One should cringe at hearing that horses should only be bred that will "improve the breed." Such arrogance is difficult for me to fathom. What is the peculiar hubris of man that alone among the species he seeks to fix whatever mistakes that he believes God made at creation? Indeed, where were you Job when I created the seas?
Perfectionism is the most insidious threat that rare breeds face. Efforts by breeders to struggle to improve, develop, and perfect the breed have never worked. Sure, we can produce race horses that run faster than the natural horse, but the downside is that that race horse runs very slow indeed on its broken legs which resulted from our efforts to breed the perfectly fast horse. It is a shame that we could not breed a body that could take the stress of being perfectly fast,but we are perfectly incapable of doing so.

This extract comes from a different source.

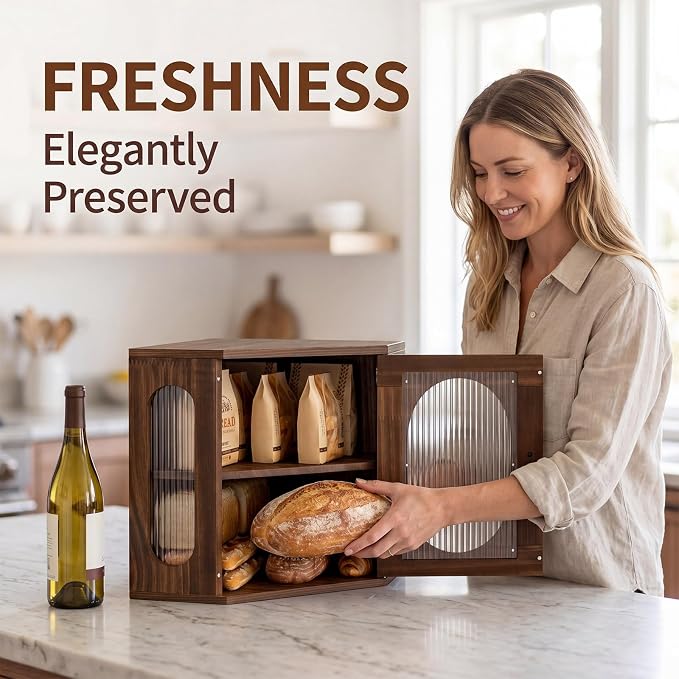Alpeir Corner Bread Box for Kitchen Countertop, 3 Adjustable Height,Brown | Solid Pine Wood, Hold 2 Loaves, Strong Acrylic Window, Easily Care, Farmhouse Pantry Container for Home Baker, Family of 4 - Image 2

We must never seek to breed the best of the Corollas to the best of the Corollas. We simply are incapable of seeing what is the best. Someone once asked me did I not agree that a horse as violent as Red Feather should not be kept out of our breeding pool. Unfortunately Red Feather has now been gelded. Before being gelded he produced several little ones, all of which that I know of are as gentle as kittens.
The stallion pictured above has been living for about twenty years in an environment and on forage that modern horses could not last a season on. That is his pedigree. That is, by itself, the reason that his bloodline is worth preserving. Instead of trying to breed the perfect horse we should only seek to breed the persevering horse.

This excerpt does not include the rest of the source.